Die Hin­ter­las­sen­schaft von Fran­zis­kus über­nimmt Leo XIV. ohne die­se Auf­for­de­rung oder Bit­te. Er tut es auf frei­en Stücken. 

Eine Apo­sto­li­sche Exhorta­ti­on ent­spricht zunächst wie eine Enzy­kli­ka oder ande­re Doku­men­ten­for­men einem päpst­li­chen Schrei­ben. Wäh­rend der Rang einer Enzy­kli­ka hoch ist, weil sie Teil des ordent­li­chen Lehr­am­tes ist, ist die Exhorta­ti­on rang­mä­ßig nied­ri­ger ein­ge­stuft und nimmt nur eine nach­ge­ord­ne­te Rol­le im Lehr­amt ein. Wäh­rend das Ziel einer Enzy­kli­ka es ist, die theo­lo­gi­sche und mora­li­sche Leh­re für die Welt­kir­che klar dar­zu­le­gen, will eine Exhorta­ti­on mehr seel­sorg­li­che Ori­en­tie­rung bie­ten und die Gläu­bi­gen ermu­ti­gen. Dar­aus folgt, daß eine Enzy­kli­ka ver­bind­lich ist, auch wenn sie kei­ne neu­en Geset­ze oder Dog­men ver­kün­det. Soll­te dies der Fall sein, wäre ihre Ver­bind­lich­keit sogar sehr hoch. Eine Exhorta­ti­on hat eine gerin­ge­re Ver­bind­lich­keit, wenn­gleich sie nicht unver­bind­lich ist. Sie ist weni­ger nor­ma­tiv. Eine Enzy­kli­ka kann, wie ange­deu­tet, in Aus­nah­me­fäl­len unfehl­bar sein. Sie kann also einen dog­ma­ti­schen Anspruch gel­tend machen. Die Exhorta­ti­on ist hin­ge­gen nie unfehl­bar, da sie kei­ne Form dar­stellt, mit der dog­ma­ti­sche Defi­ni­tio­nen erfol­gen. Nach­syn­oda­le Schrei­ben wie Amo­ris lae­ti­tia sind Exhortationen.
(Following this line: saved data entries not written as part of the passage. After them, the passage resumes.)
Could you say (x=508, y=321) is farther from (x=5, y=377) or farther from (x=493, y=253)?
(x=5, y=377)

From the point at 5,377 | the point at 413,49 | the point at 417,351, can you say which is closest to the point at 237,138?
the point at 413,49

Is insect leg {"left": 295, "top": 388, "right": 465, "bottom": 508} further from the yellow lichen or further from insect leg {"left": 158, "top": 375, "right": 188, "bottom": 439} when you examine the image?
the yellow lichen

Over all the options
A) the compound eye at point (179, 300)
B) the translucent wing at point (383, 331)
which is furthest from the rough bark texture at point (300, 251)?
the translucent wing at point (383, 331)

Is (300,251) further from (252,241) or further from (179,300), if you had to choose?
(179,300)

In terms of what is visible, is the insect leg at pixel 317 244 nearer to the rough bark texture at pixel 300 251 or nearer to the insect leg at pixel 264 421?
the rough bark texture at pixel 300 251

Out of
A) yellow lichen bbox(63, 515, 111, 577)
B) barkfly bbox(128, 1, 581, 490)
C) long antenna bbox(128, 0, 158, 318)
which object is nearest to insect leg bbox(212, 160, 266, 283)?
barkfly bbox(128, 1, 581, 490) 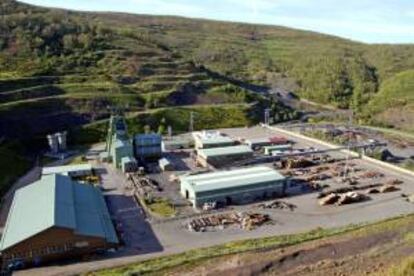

Für sei­ne grund­le­gen­den Aus­sa­gen wähl­te Fran­zis­kus hin­ge­gen die Form einer Enzy­kli­ka, so die Öko-Enzy­kli­ka Lau­da­to si‘, mit der er die Kir­che an die Kli­ma-Agen­da anschlie­ßen woll­te und die öko­lo­gi­sche „Umkehr“ for­der­te, oder die Brü­der­lich­keits-Enzy­kli­ka Fra­tel­li tut­ti, mit der er die Kir­che mit der Paro­le „Frei­heit, Gleich­heit, Brü­der­lich­keit“ auf den Kurs der Fran­zö­si­schen Revo­lu­ti­on von 1789 und zur Ver­söh­nung mit den aus ihr her­vor­ge­gan­ge­nen gei­stes­ge­schicht­lich und poli­tisch wirk­mäch­ti­gen Groß­strö­mun­gen von Libe­ra­lis­mus und Sozia­lis­mus brin­gen wollte.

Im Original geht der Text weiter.